Apakah yang baik untuk konsumsi sendiri, dan yang jelek di ekspor? Demikian pula pakaian penduduk Wuhan. Mereka cenderung memiliki standar yang tinggi, tetapi kenapa kualitas yang di ekspor seringkali jelek? Mungkinkan fenomena ini umum terjadi? atau hanya kejadian sebagian kecil saja?.
Dari foto ini juga dijelaskan bagaimana transaksi sudah menggunakan "barcode" saja. Tinggal scan barcode yang ada di pasar tradisional, maka transaksi sudah terjadi. Instal aplikasi ALI***.
Di Kita? Jakarta saja masih belum punya standar jual beli online yang saling menguntungkan.
Saya akan bercerita tentang membeli makanan via OJOL. Caranya mudah dan praktis, tinggal klik maka makanan akan datang. Tapi praktiknya ternyata lain lagi. Karena hujan rintik-rintik dan mungkin faktor lainnya, dua OJOL yang sudah menyanggupi akan membelikan makanan buat saya meng-cancel- orderan. Pengemudi ketiga lebih aktif menanyakan lokasi yang saya tidak tahu :). Namun dengan kegigihannya akhirnya dia bisa menemukan lokasinya.
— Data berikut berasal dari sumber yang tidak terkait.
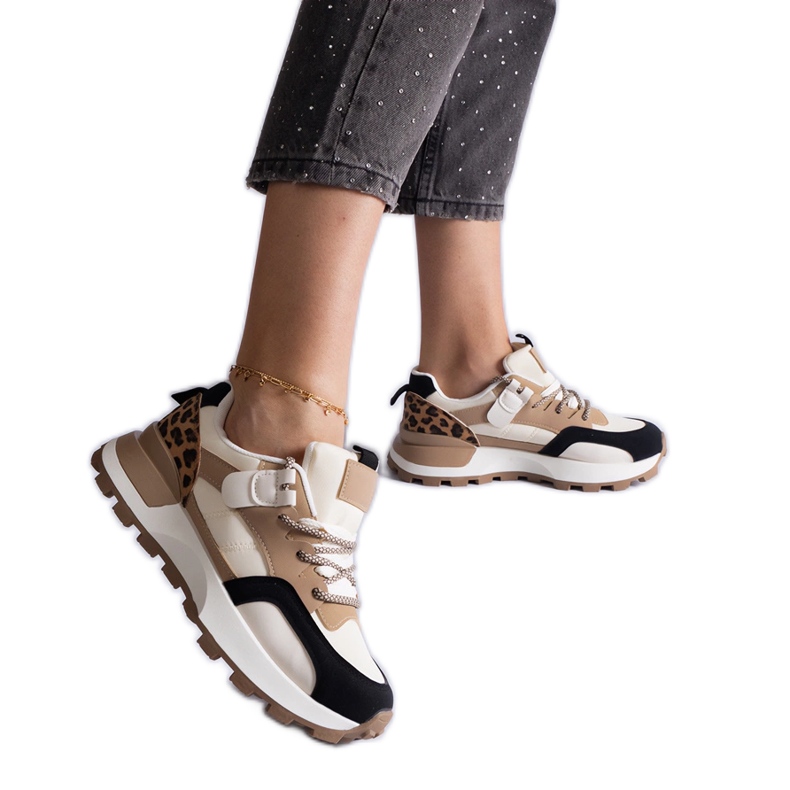 Beige sneakers decorated with an animal motif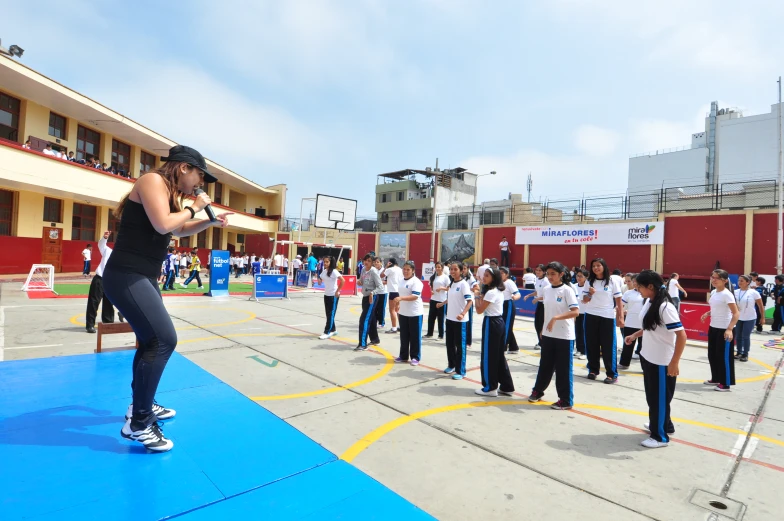 a group of people in white shirts and blue shorts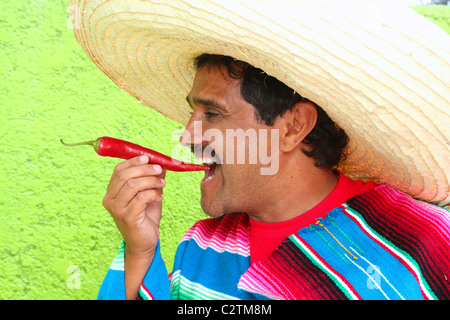 Mexikanische Mann Poncho Sombrero Essen roten Chili Paprika Mexiko Stockfoto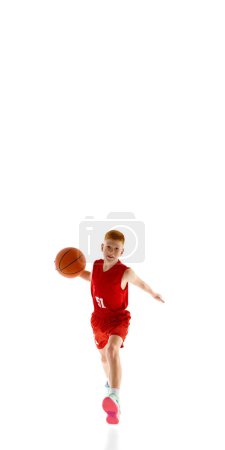 Téléchargez les photos : Vue de face du garçon motivé, joueur de basket en uniforme rouge en mouvement avec balle, jouant isolé sur fond de studio blanc. Concept de sport, enfance, école de sport, mode de vie actif - en image libre de droit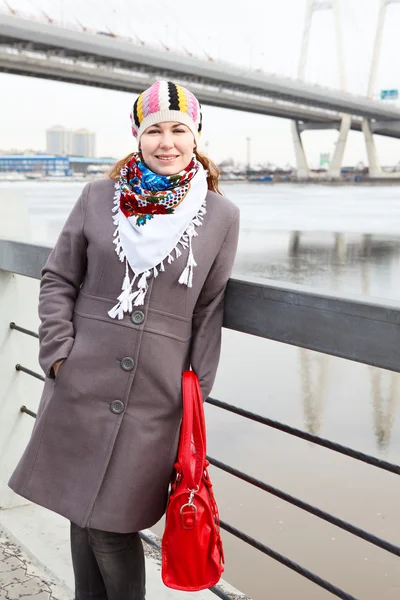Portret van gelukkige jonge Kaukasische teef met rode zak staande op embankment — Stockfoto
Lokasi ternyata menjadi satu masalah lain. Titik lokasi di aplikasi dengan titik lokasi yang sebenarnya ternyata berbeda jauh. Penempatan lokasi menurut Google ternyata tidak akurat. Itu masalah sendiri dalam berbisnis dengan menggunakan penanda lokasi asing. Mungkin jika biayanya lebih murah, lebih baik pengusaha pribumi punya aplikasi peta yang lebih akurat. Jangan mengandakan orang Amerika Serikat sana.
Masalah selanjutnya adalah pesanan makanan. Ternyata provider makanan menyatakan makanan yang saya pesan tidak ada. Yang ada adalah makanan lain yang harganya lebih mahal. Waduh!. Karena lapar ya sudah dibeli aja. Harga beli naik jadi hampir dua kali lipat.
Kejujuran penjual masih menjadi masalah yang merugikan konsumen. Jika makanan tidak ada, kenapa harus disebut ada! Perlu ada mekanisme untuk itu, walaupun si penjual ngasih saya hadiah free minuman huahahaha. Coba kalau saya batalkan order karena uang saya tidak cukup, kan kasihan buat abang OJOL nya yang sudah berjuang membelikan makanan.
Perlu ada perbaikan relasi penjual, pembeli, perantara, maupun sistem pembayaran. Agar hidup lebih efisien.